Ele também pontua que há atenuantes para essa duplicidade de contenciosos, ou seja, de análise das disputas tributárias. “Os técnicos conceberam dois ambientes em que a gente vai mitigar ou até eliminar esse problema.” O auditor refere-se à criação de um comitê e de um fórum de harmonização, os quais terão o objetivo de uniformizar interpretações e prevenir litígios. “O consenso será vinculante para todo mundo.”
O primeiro colegiado será formado por quatro representantes da Receita Federal e quatro do Comitê Gestor do IBS. Já o segundo terá quatro membros da Procuradoria Geral da Fazenda Nacional (PGFN) e quatro procuradores estaduais e municipais.
Críticas de tributaristas e economistas
Tributaristas e economistas ouvidos pelo Estadão temem, porém, que essas instâncias de harmonização não tenham poder e articulação suficientes para evitar decisões conflitantes e a criação de insegurança jurídica.
“Essa ideia de um fórum para dirimir discrepâncias não tem o menor cabimento. Fórum a gente faz para debater academicamente, não para cuidar do comando de uma área tão sensível da arrecadação e do financiamento das políticas públicas de todo o País”, afirma o economista-chefe da Warren Investimentos e ex-secretário da Fazenda de São Paulo, Felipe Salto.
O tributarista Marcel Alcades, sócio do escritório Mattos Filho, corrobora que se trata de um ponto de atenção na regulamentação da reforma. “É algo que teremos de ficar atentos, porque só falar que será integrado não resolve a situação. Temos de tomar cuidado para o contribuinte não ter os seus direitos feridos”, afirma.
Salto e Alcades destacam que, além dos dois contenciosos, haverá três esferas de fiscalização: uma municipal, outra estadual e uma terceira federal. “E se um auto de infração, no Acre, sobre um mesmo tipo de fraude, versar de modo distinto de um auto de São Paulo ou de Pernambuco? Qual vai prevalecer?”, questiona o ex-secretário.
O deputado Mauro Benevides Filho (PDT-CE), que integra o grupo de trabalho que vai regulamentar esse trecho da reforma na Câmara, defende que o Comitê Gestor do IBS possa fazer essa harmonização de regras.
“Apesar de a legislação ser a mesma, não está claro onde se fará o entendimento comum entre os dois. Porque o auditor da Receita Federal (que regula a CBS) pode ter um entendimento e o auditor municipal e estadual (que regula o IBS) pode ter outro. Estuda-se a viabilidade de que o Conselho Gestor, em terceira instância, tenha competência para tal”, explicou.
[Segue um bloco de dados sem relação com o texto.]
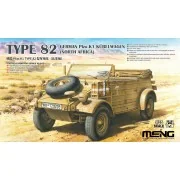 1/35 German Pkw.K1 Kübelwagen Type 82 (North Africa), 1/35 - MENG-M...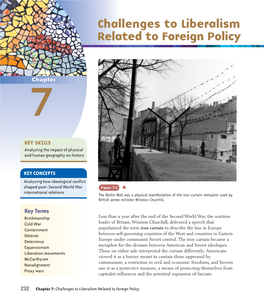 Challenges to Liberalism Related to Foreign Policy 7Chapter
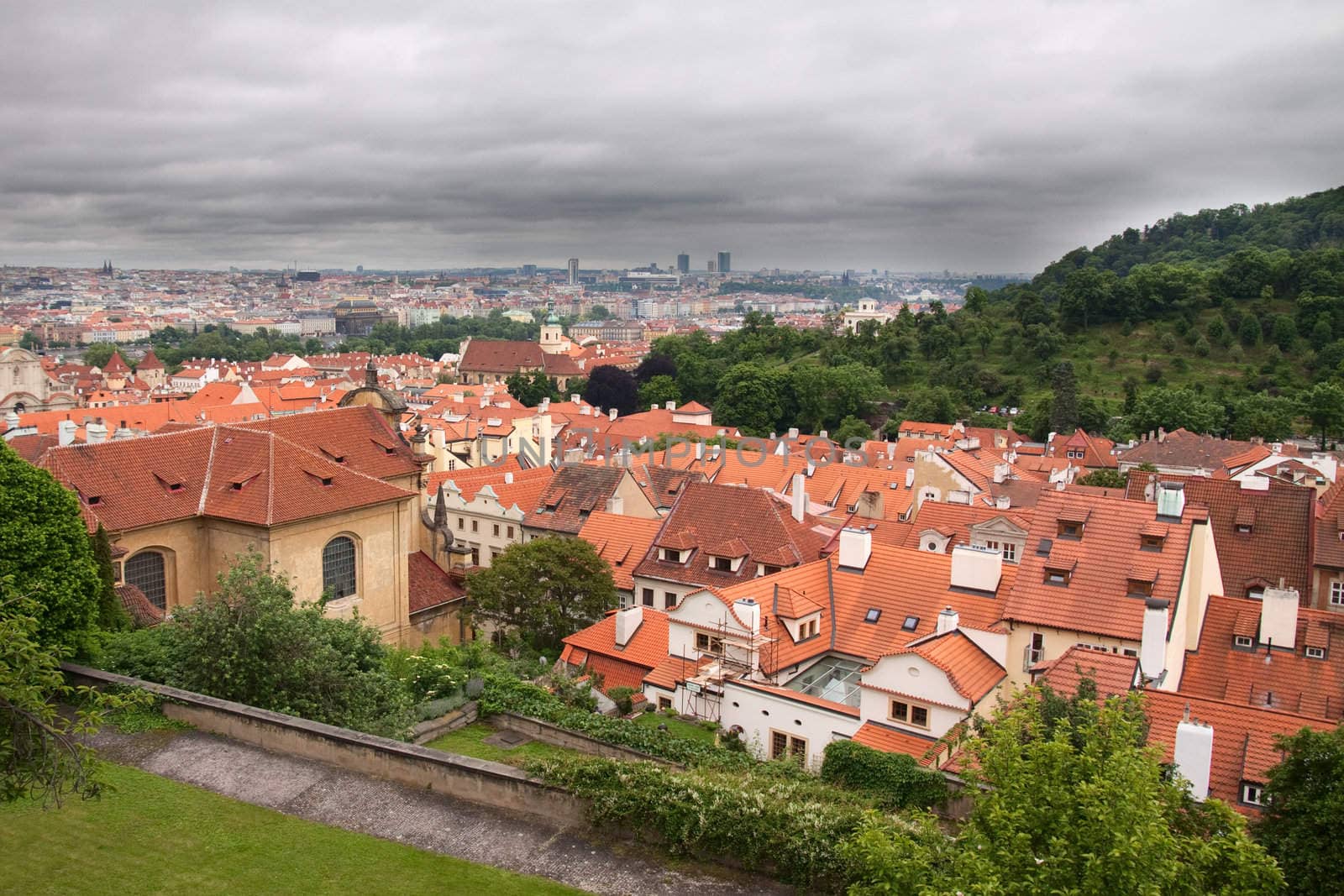 Red roofs of Prague.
Benevides disse que ainda levará essa ideia aos demais integrantes do grupo e também à equipe econômica e à Receita Federal. Ele pontuou que a única certeza é de que essa harmonização precisará ser feita sem envolver o Superior Tribunal de Justiça (STJ), uma vez que isso significaria sair da esfera administrativa e migrar para a judicial.